Dalam pidatonya, Presiden menyatakan Indonesia patut bersyukur karena di tengah perkembangan ekonomi global yang penuh ketidakpastian, pertumbuhan ekonomi Bangsa Indonesia pada Triwulan I mencapai 6,3 persen, dan pada triwulan II bahkan sedikit meningkat mencapai 6,4 persen tahun ini. Dan perkiraan, pertumbuhan ekonomi tahun 2012 dapat dipertahankan pada kisaran 6,3 persen hingga 6,5 persen. Sebagaimana daya beli masyarakat Indonesia, dengan kelompok kelas menengahnya yang semakin besar, terus meningkat, yang selanjutnya mendorong pertumbuhan konsumsi domestik. Sementara itu, investasi juga terus meningkat sejalan dengan naiknya peringkat utang Indonesia menjadi investment grade.

Dalam Semester I tahun 2012 ini juga, investasi tumbuh dua digit sebesar 11,2 persen. Sementara itu, laju inflasi hingga Juli 2012 (yoy) dapat kita kendalikan pada 4,56 persen, lebih rendah dari tingkat inflasi periode yang sama tahun 2011 (yoy) sebesar 4,61 persen. Dalam upaya menjaga stabilitas ekonomi dan meningkatkan kesejahteraan rakyat, pemerintah akan senantiasa menempatkan pengendalian inflasi tersebut sebagai prioritas dalam pengelolaan kebijakan ekonomi makro. Karena itu, koordinasi dan sinergi yang solid antara Pemerintah dengan Bank Indonesia yang selama ini telah berjalan baik di tingkat pusat dalam mengendalikan inflasi, akan terus dimantapkan dan bahkan sekarang diperluas hingga ke seluruh daerah. Harapannya, inflasi hingga akhir tahun 2012 dapat dijaga  tidak lebih dari 4,8 persen.

Berita yang mencengangkan datang dari Badan Kepegawaian Daerah (BKD) di beberapa tempat, dimana tahun 2012 ini terdapat surplus Pegawai Negeri Sipil (PNS) hingga ribuan orang. Sebut saja Pemprov Kaltim yang kelebihan 1.255 orang PNS, kemudian Pemprov Gorontalo kelebihan 562 orang PNS, Pemprov Sulut kelebihan 1.500 orang PNS dan Pemprov Sumsel kelebihan 1.536 orang PNS.

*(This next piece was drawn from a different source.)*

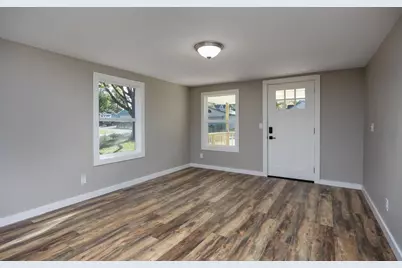 1617 E Road 3, Edgerton, WI 53534 - Photo 6
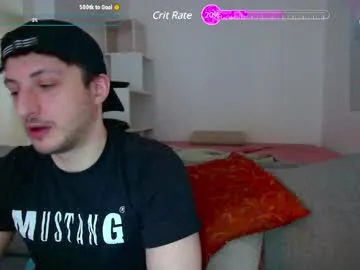 dcollins_ – webcam model profile photo Image 11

Artinya, pemerintah sukses mengurangi tingginya jumlah penggangguran dengan langkah memperkerjakan rakyat di beberapa instansi pemerintah. Namun pertanyaannya, bukankah ini sama halnya dengan menggaji pengangguran berpangkat? Bahkan isu yang masih hangat terkait rencana pemerintah untuk menaikkan gaji PNS sebagaimana disampaikan Presiden SBY dalam pidatonya soal APBN 2013 dan Nota Keuangannya di gedung DPR RI tentang rencana kenaikan gaji PNS, TNI/Polri, sebesar 7 persen di tahun 2013. Sungguh mengherankan, sudah lunaskah hutang luar negeri bangsa ini?

Inilah yang patut kita khawatirkan bersama, dimana Allah telah memberikan peringatan di dalam Al-Qur’an yang artinya “Ingat Telah dilaknati orang-orang kafir dari Bani Israil dengan lisan Daud dan ‘Isa putera Maryam. Yang demikian itu, disebabkan mereka durhaka dan selalu melampaui batas. Mereka satu sama lain selalu tidak melarang tindakan munkar yang mereka perbuat. Sesungguhnya amat buruklah apa yang selalu mereka perbuat itu.” (QS.Al Maa’idah:78-79).


Pemicu Berkecamuknya Rakyat
Sekilas memang tampak keberhasilan telah diraih tim Eksekutif maupun tim Legislatif dari kabinet pemerintahan kali ini dalam menjalankan roda pemerintahan bangsa kita. Ironinya, keresahan dan kecamuk di tengah masyarakat kian meningkat. Kerusuhan dan teror dengan berbagai motif hampir terjadi di seluruh daerah. Mulai dari penembakan di Timika, kerusuhan Ambon, konflik di Sigi-Sulawesi Tengah, tragedy Sampang berdarah, penembakan misterius di Solo, maraknya tawuran pelajar hingga konflik Binjai yang berkepanjangan. Hal ini tentu menyimpang dari apa yang disebutkan dalam penutup pidato Presiden yang sama, yaitu kita dapat menjalankan roda pembangunan menuju bangsa dan negara yang lebih aman, tenteram, maju, adil, dan sejahtera, dapat terwujud dengan terus menjaga keseimbangan.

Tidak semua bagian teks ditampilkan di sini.